*Work instructions:* Please restate exactly the lines of the data below, beginning with the line containing "CUT OUT - Top s dlouhým rukávem - mauve" and ending with the last line.
::::::::::
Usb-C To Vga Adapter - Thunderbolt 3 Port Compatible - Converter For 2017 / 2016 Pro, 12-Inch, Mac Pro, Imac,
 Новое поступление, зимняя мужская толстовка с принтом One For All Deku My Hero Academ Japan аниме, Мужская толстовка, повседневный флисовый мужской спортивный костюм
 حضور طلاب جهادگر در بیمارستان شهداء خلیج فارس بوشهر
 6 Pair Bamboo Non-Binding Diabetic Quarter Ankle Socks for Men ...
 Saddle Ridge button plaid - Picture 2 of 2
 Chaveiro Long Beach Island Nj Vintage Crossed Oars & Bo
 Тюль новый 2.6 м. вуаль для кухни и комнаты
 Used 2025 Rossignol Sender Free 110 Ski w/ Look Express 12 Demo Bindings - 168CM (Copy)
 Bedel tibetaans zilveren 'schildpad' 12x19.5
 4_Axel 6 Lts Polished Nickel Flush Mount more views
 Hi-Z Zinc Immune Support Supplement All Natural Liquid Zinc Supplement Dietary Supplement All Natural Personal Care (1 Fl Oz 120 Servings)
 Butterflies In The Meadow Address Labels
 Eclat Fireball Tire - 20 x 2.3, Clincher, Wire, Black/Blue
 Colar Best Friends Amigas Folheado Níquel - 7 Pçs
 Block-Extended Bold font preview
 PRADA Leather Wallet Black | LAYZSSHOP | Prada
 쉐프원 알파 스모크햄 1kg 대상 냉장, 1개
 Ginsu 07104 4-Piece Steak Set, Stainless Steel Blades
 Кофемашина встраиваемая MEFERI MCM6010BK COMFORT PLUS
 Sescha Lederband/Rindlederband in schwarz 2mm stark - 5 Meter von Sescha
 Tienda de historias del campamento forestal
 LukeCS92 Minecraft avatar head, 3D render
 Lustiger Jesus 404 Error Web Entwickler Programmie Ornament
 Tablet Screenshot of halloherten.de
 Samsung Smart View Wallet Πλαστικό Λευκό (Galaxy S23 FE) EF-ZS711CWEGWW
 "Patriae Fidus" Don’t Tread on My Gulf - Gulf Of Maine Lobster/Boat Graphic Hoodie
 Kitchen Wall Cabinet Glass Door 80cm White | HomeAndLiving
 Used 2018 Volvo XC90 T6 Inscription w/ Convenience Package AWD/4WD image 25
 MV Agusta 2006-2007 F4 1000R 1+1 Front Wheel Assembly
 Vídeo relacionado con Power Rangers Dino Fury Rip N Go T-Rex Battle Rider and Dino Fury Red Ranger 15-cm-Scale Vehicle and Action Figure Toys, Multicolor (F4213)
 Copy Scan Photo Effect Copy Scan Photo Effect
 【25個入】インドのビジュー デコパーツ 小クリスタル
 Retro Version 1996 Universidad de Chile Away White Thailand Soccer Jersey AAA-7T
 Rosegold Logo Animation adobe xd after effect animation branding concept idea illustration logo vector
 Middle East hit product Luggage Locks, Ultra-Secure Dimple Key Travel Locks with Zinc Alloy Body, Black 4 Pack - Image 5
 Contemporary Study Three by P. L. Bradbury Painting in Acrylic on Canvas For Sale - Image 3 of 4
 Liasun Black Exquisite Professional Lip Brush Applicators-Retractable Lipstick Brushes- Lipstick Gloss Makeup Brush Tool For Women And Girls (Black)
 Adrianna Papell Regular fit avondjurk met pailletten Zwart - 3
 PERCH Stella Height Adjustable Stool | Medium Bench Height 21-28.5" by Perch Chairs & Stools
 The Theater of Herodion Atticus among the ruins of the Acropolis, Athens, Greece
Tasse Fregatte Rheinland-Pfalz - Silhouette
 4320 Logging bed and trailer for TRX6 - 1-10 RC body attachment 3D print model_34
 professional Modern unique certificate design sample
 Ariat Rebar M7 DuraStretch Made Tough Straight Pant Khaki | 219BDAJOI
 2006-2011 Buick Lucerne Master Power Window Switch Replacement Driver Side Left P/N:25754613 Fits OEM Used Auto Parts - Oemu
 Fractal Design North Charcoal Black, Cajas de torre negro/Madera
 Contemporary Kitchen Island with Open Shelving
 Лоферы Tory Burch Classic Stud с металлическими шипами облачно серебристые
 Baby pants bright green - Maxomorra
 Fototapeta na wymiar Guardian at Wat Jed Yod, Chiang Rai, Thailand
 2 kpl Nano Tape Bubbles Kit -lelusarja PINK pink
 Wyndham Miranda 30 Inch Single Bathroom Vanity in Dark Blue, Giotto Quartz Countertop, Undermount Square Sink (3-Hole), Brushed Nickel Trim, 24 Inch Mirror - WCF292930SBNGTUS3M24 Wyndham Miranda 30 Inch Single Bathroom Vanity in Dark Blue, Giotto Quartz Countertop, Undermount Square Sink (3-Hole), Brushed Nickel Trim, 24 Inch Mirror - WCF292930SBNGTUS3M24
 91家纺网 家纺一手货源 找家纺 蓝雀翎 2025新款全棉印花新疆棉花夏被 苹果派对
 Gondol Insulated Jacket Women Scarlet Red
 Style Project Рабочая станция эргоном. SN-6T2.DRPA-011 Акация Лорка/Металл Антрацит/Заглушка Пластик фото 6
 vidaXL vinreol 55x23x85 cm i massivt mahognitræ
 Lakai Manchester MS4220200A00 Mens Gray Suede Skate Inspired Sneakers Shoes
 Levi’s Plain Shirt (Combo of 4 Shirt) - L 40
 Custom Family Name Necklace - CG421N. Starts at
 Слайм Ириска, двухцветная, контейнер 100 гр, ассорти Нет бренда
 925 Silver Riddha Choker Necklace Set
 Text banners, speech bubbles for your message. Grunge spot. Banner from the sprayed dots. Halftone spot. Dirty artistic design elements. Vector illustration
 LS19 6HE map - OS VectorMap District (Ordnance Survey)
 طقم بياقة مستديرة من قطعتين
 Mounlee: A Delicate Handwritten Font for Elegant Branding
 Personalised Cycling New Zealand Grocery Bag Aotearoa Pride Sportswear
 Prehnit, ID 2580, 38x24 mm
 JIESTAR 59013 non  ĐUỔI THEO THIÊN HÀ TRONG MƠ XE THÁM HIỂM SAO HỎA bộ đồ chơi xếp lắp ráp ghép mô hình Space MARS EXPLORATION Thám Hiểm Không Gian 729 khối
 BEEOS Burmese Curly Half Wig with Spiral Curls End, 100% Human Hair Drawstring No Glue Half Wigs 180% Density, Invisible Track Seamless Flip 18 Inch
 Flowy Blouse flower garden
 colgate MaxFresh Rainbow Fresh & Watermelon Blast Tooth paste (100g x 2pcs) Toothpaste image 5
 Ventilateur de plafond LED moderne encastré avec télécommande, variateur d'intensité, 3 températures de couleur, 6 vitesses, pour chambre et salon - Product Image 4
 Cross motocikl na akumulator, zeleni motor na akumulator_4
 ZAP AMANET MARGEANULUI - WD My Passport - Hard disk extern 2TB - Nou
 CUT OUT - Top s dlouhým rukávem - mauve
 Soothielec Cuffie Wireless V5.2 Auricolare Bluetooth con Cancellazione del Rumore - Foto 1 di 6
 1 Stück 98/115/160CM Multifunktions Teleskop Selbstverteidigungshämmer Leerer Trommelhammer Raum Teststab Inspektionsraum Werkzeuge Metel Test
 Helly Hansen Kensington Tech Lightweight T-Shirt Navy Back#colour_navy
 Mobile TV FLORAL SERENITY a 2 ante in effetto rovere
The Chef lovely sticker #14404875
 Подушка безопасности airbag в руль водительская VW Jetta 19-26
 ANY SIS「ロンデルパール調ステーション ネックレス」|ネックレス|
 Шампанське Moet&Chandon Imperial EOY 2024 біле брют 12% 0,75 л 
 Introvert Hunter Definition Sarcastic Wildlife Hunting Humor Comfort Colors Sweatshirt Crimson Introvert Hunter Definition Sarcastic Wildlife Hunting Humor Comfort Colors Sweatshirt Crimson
::::::::::
*Written solution:*
 CUT OUT - Top s dlouhým rukávem - mauve
 Soothielec Cuffie Wireless V5.2 Auricolare Bluetooth con Cancellazione del Rumore - Foto 1 di 6
 1 Stück 98/115/160CM Multifunktions Teleskop Selbstverteidigungshämmer Leerer Trommelhammer Raum Teststab Inspektionsraum Werkzeuge Metel Test
 Helly Hansen Kensington Tech Lightweight T-Shirt Navy Back#colour_navy
 Mobile TV FLORAL SERENITY a 2 ante in effetto rovere
The Chef lovely sticker #14404875
 Подушка безопасности airbag в руль водительская VW Jetta 19-26
 ANY SIS「ロンデルパール調ステーション ネックレス」|ネックレス|
 Шампанське Moet&Chandon Imperial EOY 2024 біле брют 12% 0,75 л 
 Introvert Hunter Definition Sarcastic Wildlife Hunting Humor Comfort Colors Sweatshirt Crimson Introvert Hunter Definition Sarcastic Wildlife Hunting Humor Comfort Colors Sweatshirt Crimson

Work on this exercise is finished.